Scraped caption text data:

[Start of Attachment]

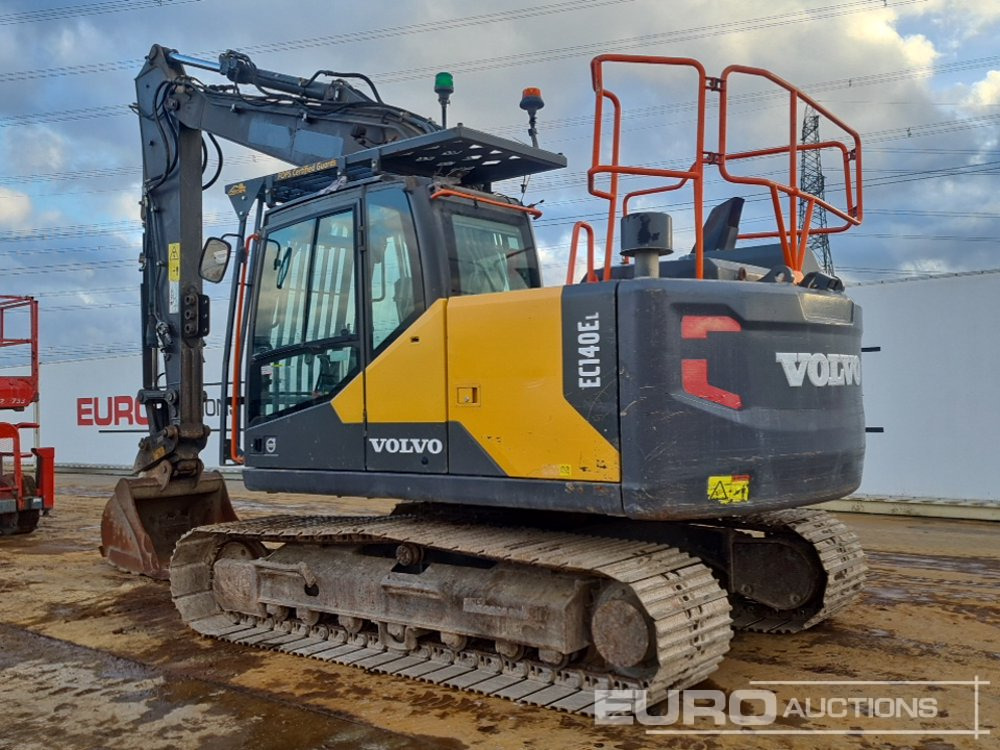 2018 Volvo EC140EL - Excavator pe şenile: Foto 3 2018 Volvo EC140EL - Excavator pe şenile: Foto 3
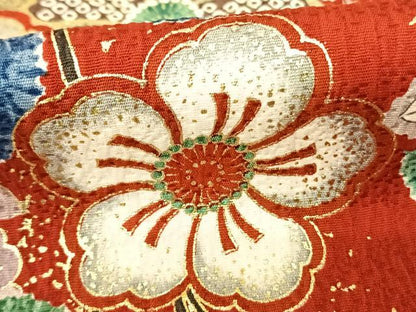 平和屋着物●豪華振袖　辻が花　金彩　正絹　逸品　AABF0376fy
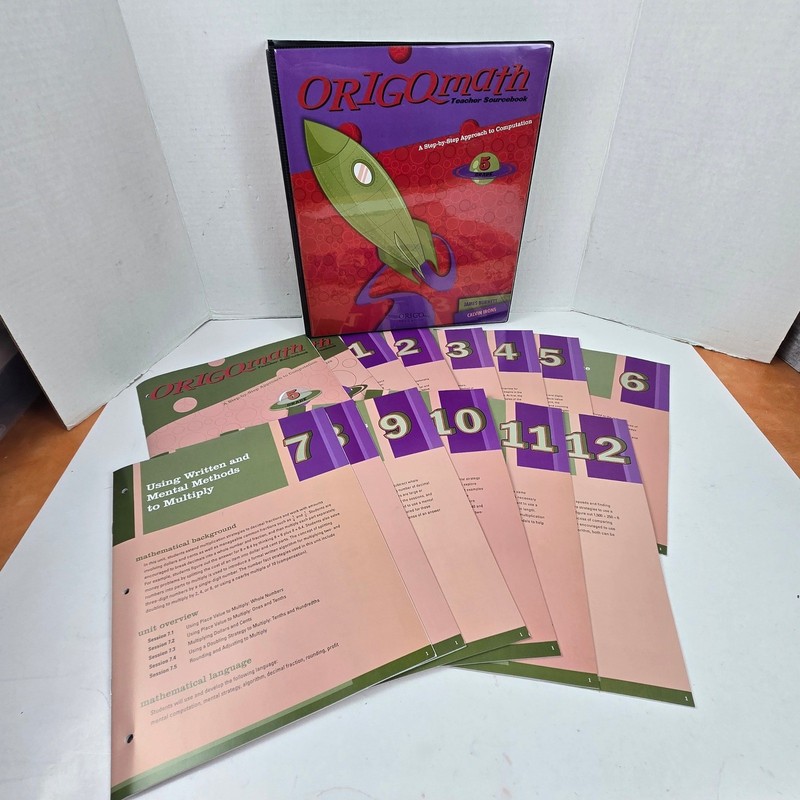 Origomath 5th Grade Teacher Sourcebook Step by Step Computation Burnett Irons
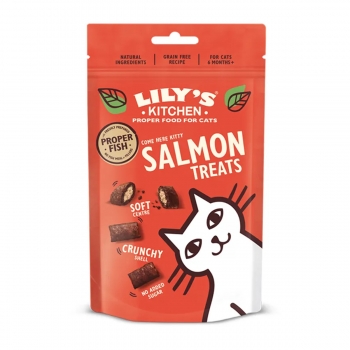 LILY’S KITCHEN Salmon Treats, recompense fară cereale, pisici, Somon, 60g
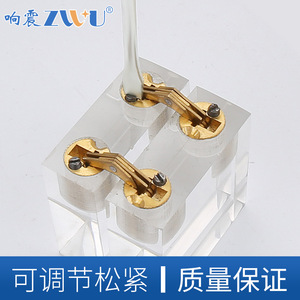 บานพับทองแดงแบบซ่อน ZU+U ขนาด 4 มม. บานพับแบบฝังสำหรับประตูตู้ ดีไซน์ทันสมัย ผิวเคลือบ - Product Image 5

[End of Attachment]

Work item:
Give each record above back word for word, but carry over none of the pictures.

Solution to the exercise:
 2018 Volvo EC140EL - Excavator pe şenile: Foto 3 2018 Volvo EC140EL - Excavator pe şenile: Foto 3
 平和屋着物●豪華振袖　辻が花　金彩　正絹　逸品　AABF0376fy
 Origomath 5th Grade Teacher Sourcebook Step by Step Computation Burnett Irons
 LILY’S KITCHEN Salmon Treats, recompense fară cereale, pisici, Somon, 60g
 บานพับทองแดงแบบซ่อน ZU+U ขนาด 4 มม. บานพับแบบฝังสำหรับประตูตู้ ดีไซน์ทันสมัย ผิวเคลือบ - Product Image 5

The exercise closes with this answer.